* Task statement:
Retype the whole listing below exactly, keeping every picture out of it.

* Data extract:
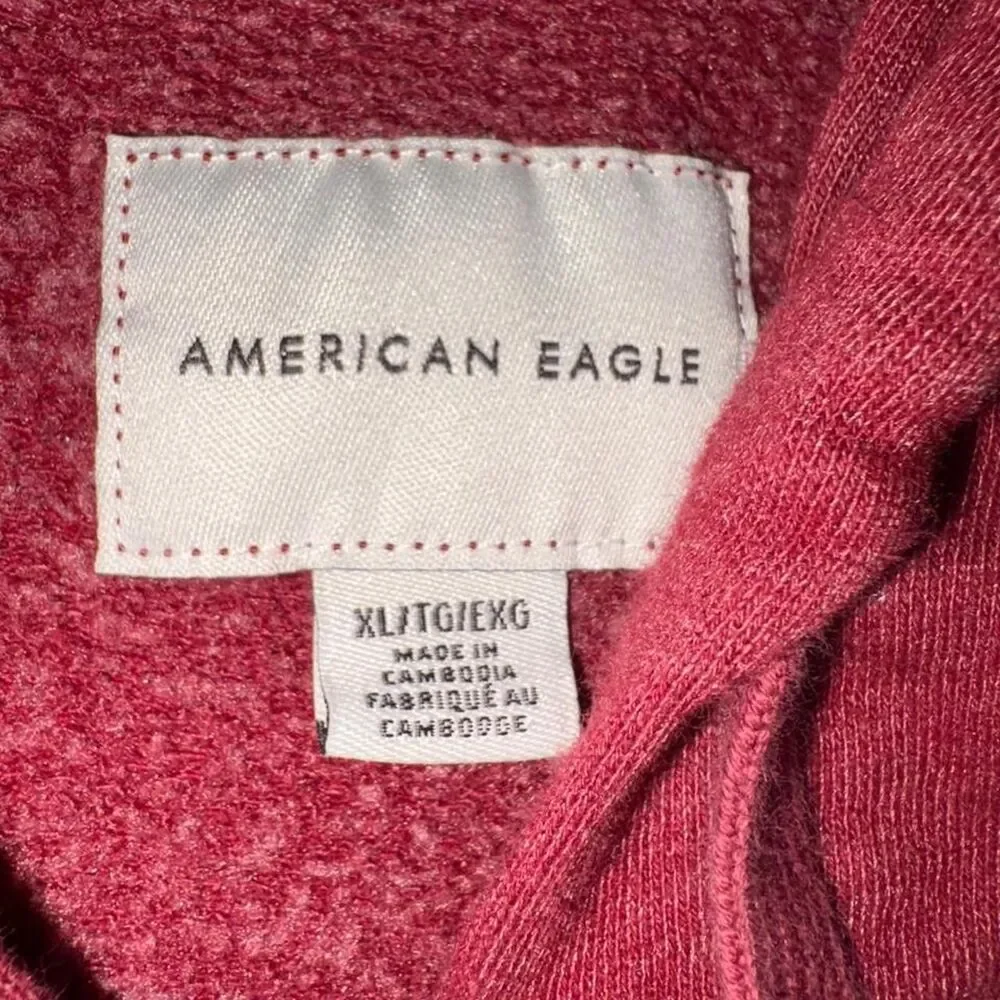 Women’s Crop American Eagle red zip up hoodie Size XL #americana - Picture 2 of 4
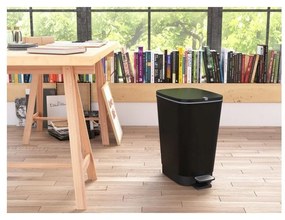 Coș de gunoi negru mat cu pedală din plastic 45 l Chic Bin – KIS
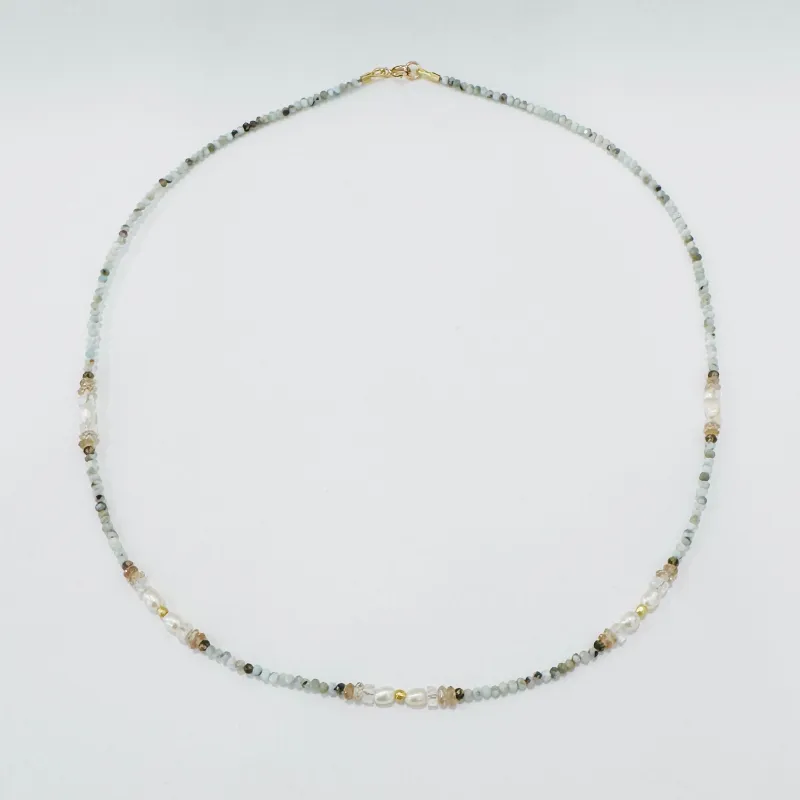 delicate desert opal pearl necklace made by Theodosia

* Reply:
 Women’s Crop American Eagle red zip up hoodie Size XL #americana - Picture 2 of 4
 Coș de gunoi negru mat cu pedală din plastic 45 l Chic Bin – KIS
 delicate desert opal pearl necklace made by Theodosia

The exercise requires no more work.